Music Terminology - Harmony Flashcards
Primary Chords
Chords I, IV and V in a given key.
Secondary Chords
Chords II, III and VI in a given key.
Dominant 7th Chord
A chord composed of a root, major third, perfect fifth, and minor seventh. Also referred to as just a pitch and the number 7, for example “ a G7 chord”.
Major 7th Chord
A chord composed of a root, major third, perfect fifth, and major seventh.
Minor 7th Chord
A chord composed of a root, minor third, perfect fifth, and minor seventh.
Diminished Chords
Chords with a root, minor 3rd and a diminished 5th (or 2 minor thirds stacked on top of each other).
Neapolitan 6th Chord
A chord composed of a minor third and a minor sixth above scale degree 4. In the key of C, the Neapolitan sixth would be F, A-flat, D-flat.
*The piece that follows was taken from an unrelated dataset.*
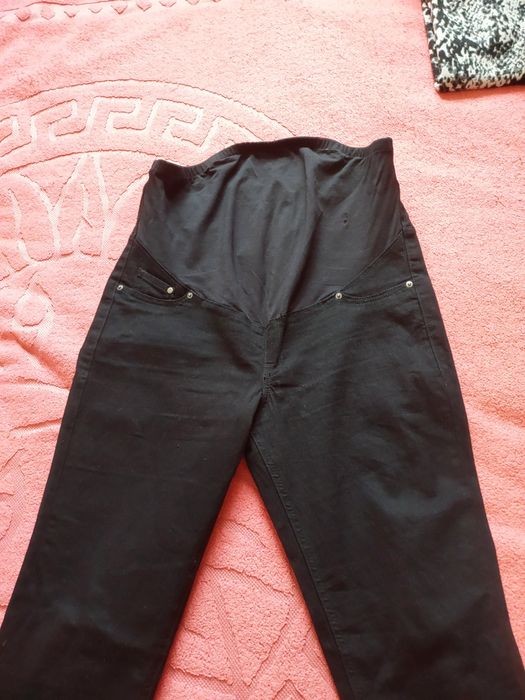 Джинси для вагітних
Sometimes it’s helpful to think of it as a bII chord in first inversion.
Augmented Sixth Chords
There are three general types of augmented sixth chords—the Italian augmented sixth chord (It+6: 1, #4 and b6 in a key), the French augmented sixth chord (Fr+6: 1, 2, #4 and b6) and the German augmented sixth chord (Ger+6: 1, b3, #4 and b6).
Ninth Chords
Are formed by adding an additional third to the top of a 7th chord (1,3,5,7,9)
Secondary Dominants
A secondary dominant is any chord that has the dominant function over another chord that is not the tonic of the music. These will usually contain notes that exist outside of the key, it will tonicize the chord it precedes.
Sus 4 Chord
A chord that has a root, perfect 4th and fifth (the 4th replaces the third). The 4th really wants to resolve downwards to the third.
Added 6th Chord
Any triad with the 6th added above it.
Power Chord
Commonly associated with Rock/Punk guitar playing. It consists of a root, fifth and octave.
Inversions
When the bass note of the chord isn’t the root.
Appoggiatura Chord
Is an extension of the appoggiatura (non-chord tone) melodic device. There is a momentary sense of change in harmony which ends up resolving by step to a functional chord. The Cadential 6 4 is an example of this.